39. FELGILD of FARNE:|
After St. Cuthbert died in 687 his hermitage on the Inner Fame Island was occupied by two hermits in succession. The first was Aethelwald (see last month). He died after 12 years as a hermit and was followed by Felgild.
Aethelwald had had to put up with a very draughty hermitage but when Felgild indicated that he wished to go there the bishop of the time, Eadfrith (the same man who wrote and painted the Lindisfarne Gospels) decided that the hermitage should be restored since, as Bede said, 'it was falling to pieces through age. So Felgild, now in his windproof oratory, had no use for the calfskin that his predecessor had used for creating a wind- proof corner. Enter the relic-hunters, asking for some relic of either Cuthbert or Aethelwald. Felgild decided to divide the calfskin among them, but first he tried an experiment. It seems that he suffered from some kind of rash and swelling of the face,which had got worse since he had taken up the solitary life. So he put part of the calfskin into water and washed his face with it. All the disfigurement disappeared. Bede had this story from a devout priest in his own monastery, who had seen Felgild's face both before and after!
Felgild afterwards lived as a hermit there for many years, in complete freedom from this affliction, but nothing more is known of him.
We have no further information about hermits on the Inner Fame until after the Norman Conquest (1066). It may simply be that Bede died in 735, and no narrator of similar skill followed him.
We can be very sceptical about the miracles of this period, and many modem people are. But I have been struck by the number of times miracles are claimed through objects that have had some connection with a saint. For example, the wood of St. Oswald' cross worked miracles, as did the earth from the place where he died. The water in which St. Cuthbert's body was washed gave miraculous properties to the earth where it was poured away. We can't understand the early Middle Ages unless we can sympathise with people who really believed these things.
It was a different view of reality... and sometimes it worked!
Gildas was a Briton (not English), born about the year 500 in the northern kingdom of Strathclyde, but educated at a monastery in South Wales. For modern historians he is mainly important for a book he wrote when he was 43 years old called The Ruin of Britain. Although intended as a denunciation of the corruption of the supposedly Christian British rulers the book is prefaced by the only contemporary account we have of those confused years when parts of Britain, through the coming of the Anglo-Saxons, were being turned into England. Though very inaccurate the book is full of picturesque phrases e.g. he speaks of 'the foul hordes of the Scots and the Picts, like dark throngs of worms that wriggle out of narrow fissures in the rock when the sun is high and the weather grows warm'. As we might now say, they came out of the woodwork.
But in his own day Gildas was important not as a historian but as a monastic founder and reformer. Perhaps his book gave the impetus to many to seek an alternative society in the monasteries. Certainly it was just at this time that monasticism as it were exploded in the Celtic countries. Gildas appears to have been a leader among the British monks in Wales and also a very respected figure in Ireland. Irish monks became his disciples, and he both visited many Irish monasteries and wrote letters to them. There are also several dedications to 'Gildas' in Brittany, but it is not completely certain that this is not a different saint of the same name.

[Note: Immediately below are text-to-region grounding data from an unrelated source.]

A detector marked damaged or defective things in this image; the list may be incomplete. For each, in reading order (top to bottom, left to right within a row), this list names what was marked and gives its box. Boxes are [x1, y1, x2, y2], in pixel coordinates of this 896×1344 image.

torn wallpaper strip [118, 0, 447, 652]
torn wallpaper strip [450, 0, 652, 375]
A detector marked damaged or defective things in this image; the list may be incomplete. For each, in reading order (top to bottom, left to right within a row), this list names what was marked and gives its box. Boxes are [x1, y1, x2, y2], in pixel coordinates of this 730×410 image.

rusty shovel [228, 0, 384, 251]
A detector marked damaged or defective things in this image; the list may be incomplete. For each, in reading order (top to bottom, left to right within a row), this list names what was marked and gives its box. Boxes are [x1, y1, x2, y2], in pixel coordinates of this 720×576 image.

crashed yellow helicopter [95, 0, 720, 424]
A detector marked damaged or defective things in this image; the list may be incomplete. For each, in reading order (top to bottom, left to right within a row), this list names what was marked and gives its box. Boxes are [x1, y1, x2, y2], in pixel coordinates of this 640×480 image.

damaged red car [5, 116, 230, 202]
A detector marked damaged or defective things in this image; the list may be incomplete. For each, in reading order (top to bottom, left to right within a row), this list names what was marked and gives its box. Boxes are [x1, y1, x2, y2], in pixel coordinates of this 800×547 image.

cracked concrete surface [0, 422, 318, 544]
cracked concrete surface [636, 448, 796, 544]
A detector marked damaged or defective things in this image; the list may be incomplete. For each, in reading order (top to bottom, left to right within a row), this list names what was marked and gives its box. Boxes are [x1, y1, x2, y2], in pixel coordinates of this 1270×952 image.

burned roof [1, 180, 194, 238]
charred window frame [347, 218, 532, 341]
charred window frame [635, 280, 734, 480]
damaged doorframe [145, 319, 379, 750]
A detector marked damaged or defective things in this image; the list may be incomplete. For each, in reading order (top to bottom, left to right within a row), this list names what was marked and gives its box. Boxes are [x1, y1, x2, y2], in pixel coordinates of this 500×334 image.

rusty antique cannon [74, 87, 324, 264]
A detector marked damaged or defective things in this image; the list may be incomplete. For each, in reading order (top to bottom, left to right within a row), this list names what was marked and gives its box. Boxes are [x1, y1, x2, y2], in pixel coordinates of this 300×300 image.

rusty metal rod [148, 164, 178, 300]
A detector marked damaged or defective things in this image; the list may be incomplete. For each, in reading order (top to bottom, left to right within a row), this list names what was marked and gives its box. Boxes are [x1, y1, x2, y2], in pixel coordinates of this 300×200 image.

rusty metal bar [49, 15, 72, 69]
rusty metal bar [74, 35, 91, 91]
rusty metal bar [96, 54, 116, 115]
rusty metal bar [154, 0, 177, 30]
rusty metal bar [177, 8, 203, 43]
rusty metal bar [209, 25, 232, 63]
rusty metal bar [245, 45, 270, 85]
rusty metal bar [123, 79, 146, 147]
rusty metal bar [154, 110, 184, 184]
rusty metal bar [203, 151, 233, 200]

With us in Northumbria Gildas has a two-fold if rather remote connection. First, his work was read by and absorbed by our own historian Bede, whose thinking in part was shaped by it. Secondly, his encouragement in the early growth of Irish monasticism was to bear
fruit for us eventually in the mission of St. Aidan.
Gildas died in about 570. So he did not live to see the final ruin of Britain and the English conquest.